▼
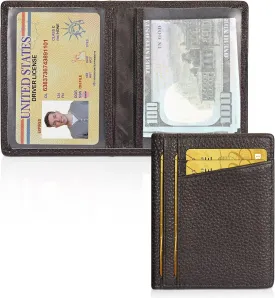Unaone Slim Minimalist Wallet - Premium Leather RFID Blocking Front Pocket Wallets with 8 Card Slots and 2 ID Window, Dark Coffee
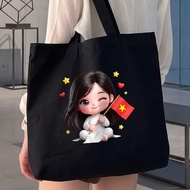 Tui tote den printed chibi ao dai orange co Viet Nam study a-totb1263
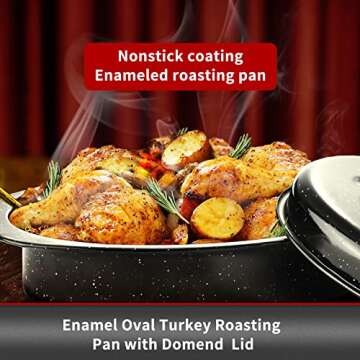 JY COOKMENT Granite Roaster Pan, Small 13” Enameled Roasting Pan with Domed Lid. Oval Turkey Roaster Pot, Broiler Pan Great for Small Chicken, Lamb. Dishwasher Safe Cookware Fit for 7Lb Bird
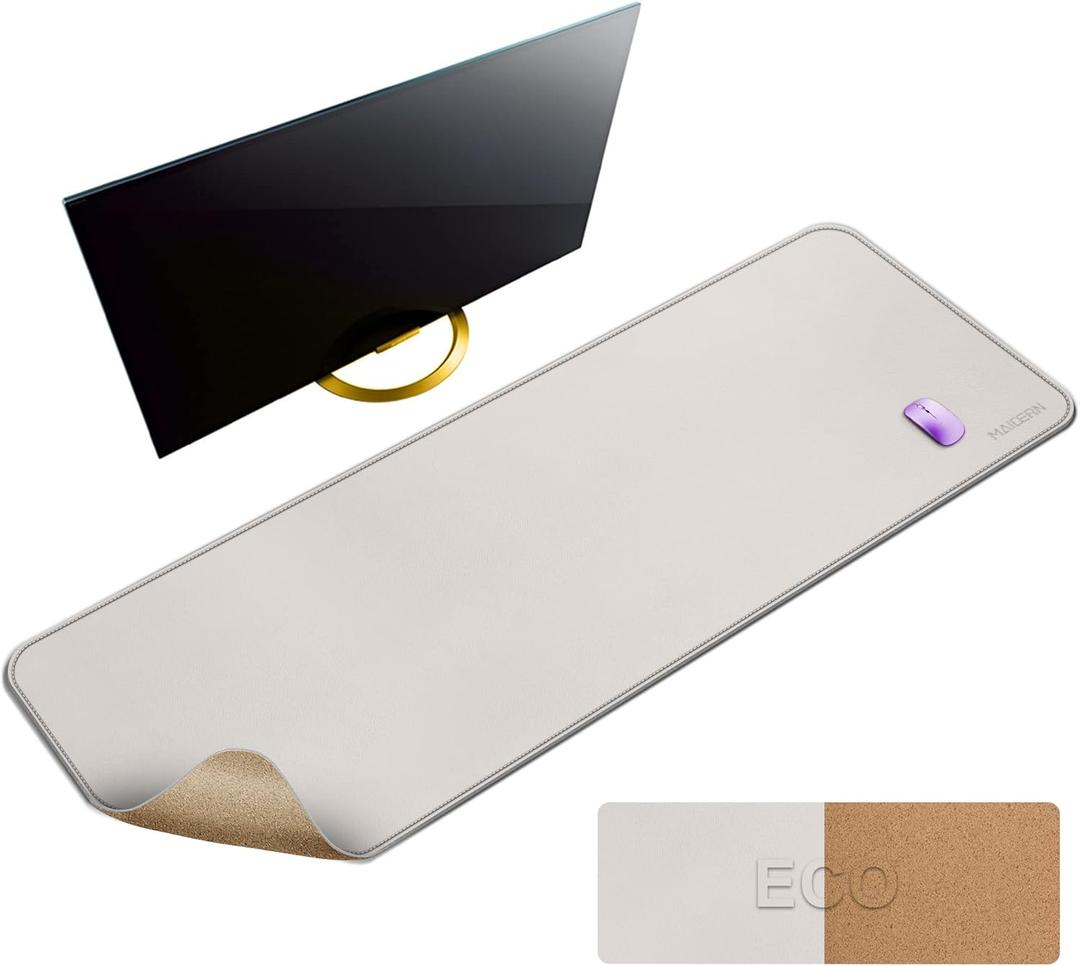 MAIDERN 55" x 24" Cork & Leather Desk Pad, Large XXL Mat, Full Mouse Pad, Dual Sided Protector for Gaming Home Office (Cream)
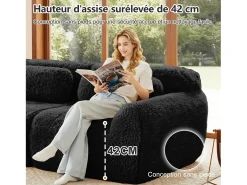 Sofá de Canto Modular em tecido peluche, com 2 puffs e 2 almofadas, 204x179x73cm, Preto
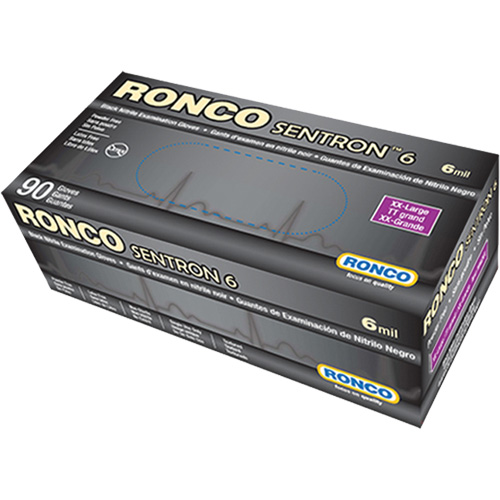 Sentron 6 Disposable Examination Gloves, 2X-Large, Nitrile, 6-mil, Powder-Free, Black, Class 2 Absolute Business Supply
▲
__YOUR GOAL__
Once you reach the line containing "Sofá de Canto", print it and every line after it exactly, through the end of the entries, without any pictures.

__ANSWER BELOW__
 Sofá de Canto Modular em tecido peluche, com 2 puffs e 2 almofadas, 204x179x73cm, Preto
 Sentron 6 Disposable Examination Gloves, 2X-Large, Nitrile, 6-mil, Powder-Free, Black, Class 2 Absolute Business Supply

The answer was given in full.